D: Okay, I get it from psychological POV. Philosophically speaking how do you relate this self-love or Philautia with Agape?
M: As Aristotle said: “All friendly feelings for others are an extension of a man’s feelings for himself”. Essentially speaking, love makes an individual appreciate the essence of other(s) which is (partly) a reflection of him/herself. An existentialist will say: one associates and expands her/his existence via appreciating and caring the existence of the other(s). So, Love is that glue that makes individuals to existentially unite into one collective entity: love for nature, love for a community, love for this planet, love for the animals.
D: So, you think love is an essence of human existence? Like an universal form?
M: No! I don’t mean the word essence in a way like having any inherent identity or value. We all are processes. And as an existentialist I believe our existence precedes essence. But in this ever-changing process, we love the values of others that we see as a reflection of us for a period of time. Some values persist. This is why love itself is a process too. Our color of love changes. And through the experience of this process I believe one’s threshold of openness and acceptance expands, if one is aware enough. One must keep this unending process of philautia alive to make better versions of oneself.
D: I see! Now it’s getting clearer to me. So, what are the psychological functions of human mind that relate this process of philautia to agape? From self-love to collective-love?
M: One cognitive function that naturally resonates among individuals to relate with each other is empathy, which in Carl Jung’s terminology is extroverted feelings. It’s about associating other’s feelings to yourself which ultimately makes you more tolerant and acceptable to different cultures, mindsets and perspectives in the present world.
D: So, empathy is one of the keys to altruism in the contemporary world?
M: You can say so. Empathy naturally connects to Kantian deontological morality, The Supreme Categorical Imperative as well: “act only according to that maxim whereby you can, at the same time, will that it should become a universal law”. This is derived from The age old Golden rule of ethics: “do unto others as you would have others do unto you” but Kant added the condition of being a universal law.

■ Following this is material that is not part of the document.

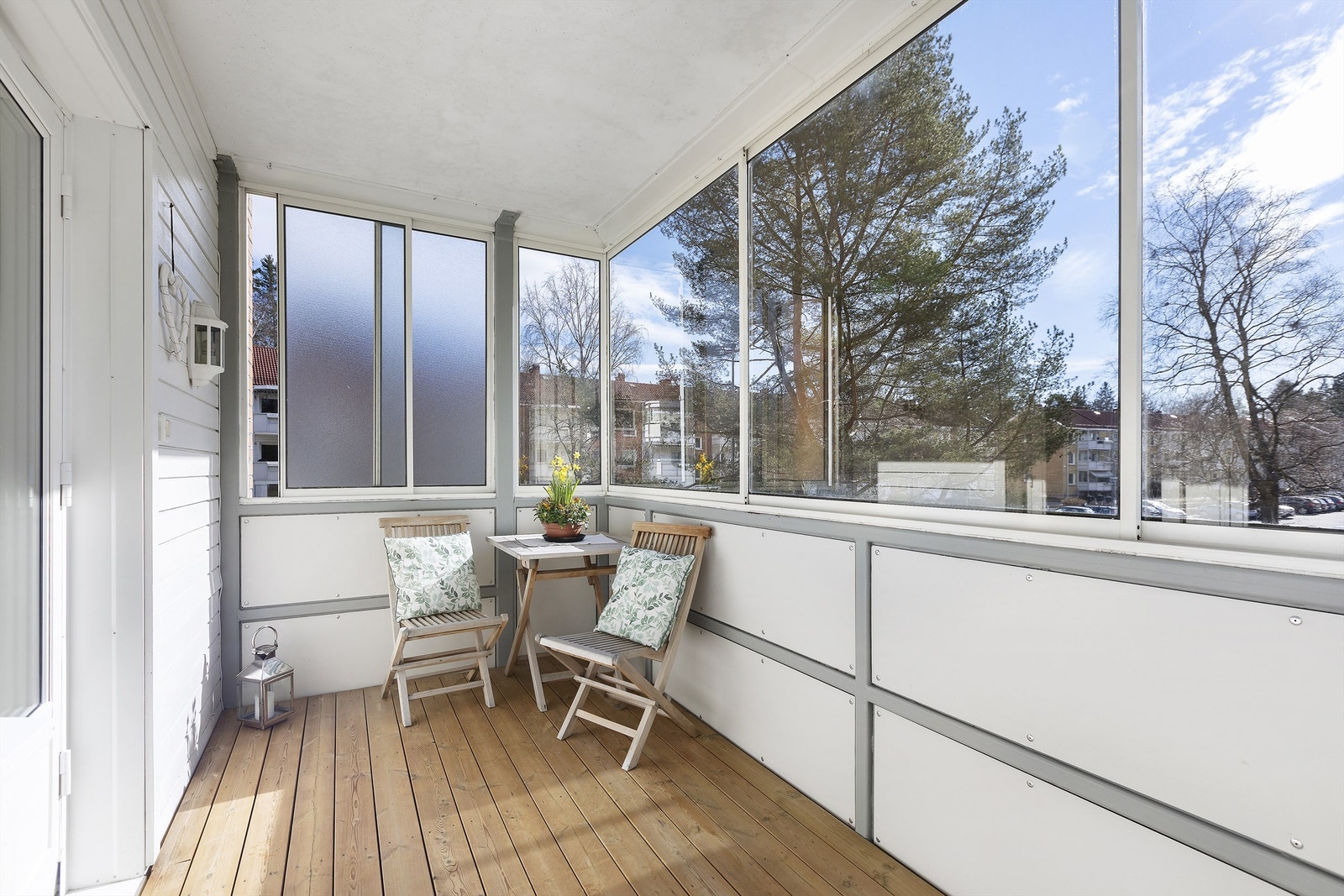 Leiligheten har sørvendt balkong på 9 m² som er innglasset, noe som skaper en lun og anvendelig uteplass. Galleribilde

According to me, an empathetic person will naturally feel this maxim. But one must follow it with caution because when one accepts the feelings coming from others, it can be very draining and exhausting. Also empaths must be careful from narcissists and persons like that.

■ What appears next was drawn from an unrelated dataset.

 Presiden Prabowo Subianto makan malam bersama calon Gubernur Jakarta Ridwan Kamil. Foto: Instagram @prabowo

What I say that we need today is: emotional intelligence. A balance of various feelings, emotions (both that of your own and others) and thinking, decision making, behaviors. Just like Yin & Yang, to keep the balance between emotions and intelligence to adapt and tackle various situations. It’s just an age old order in a new psycho-linguistic wrap for the present generation.

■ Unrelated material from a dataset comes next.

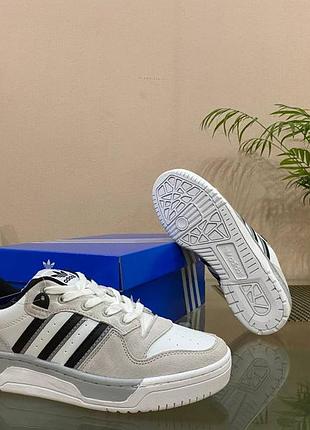 Кроссовки adidas forum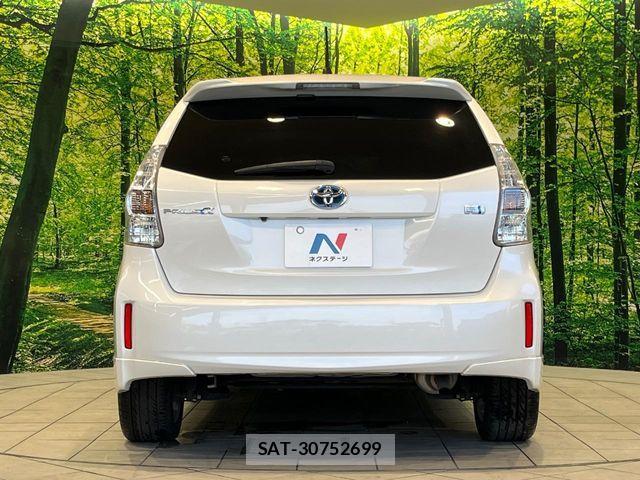 Toyota PRIUS ALPHA 2013-05 8458255-14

REFERENCES & FURTHER READINGS:
- These Are the 7 Types of Love, Psychology Today
- 8 Different Types of Love According to the Ancient Greeks, lonerwolf
- Ludwig Wittgenstein, Philosophical Investigations, Oxford, 1953
- John Alan Lee, Colours of Love: An Exploration of the Ways of Loving (1973).
Disclaimer: This is a personal weblog and it’s not a peer-reviewed article. Both the characters in the dialogue are fictitious. The ideas and thoughts expressed here are entirely from the perspective of the blogger who is solely responsible for and the content is not intended to harm or disrespect any particular authority or any individual.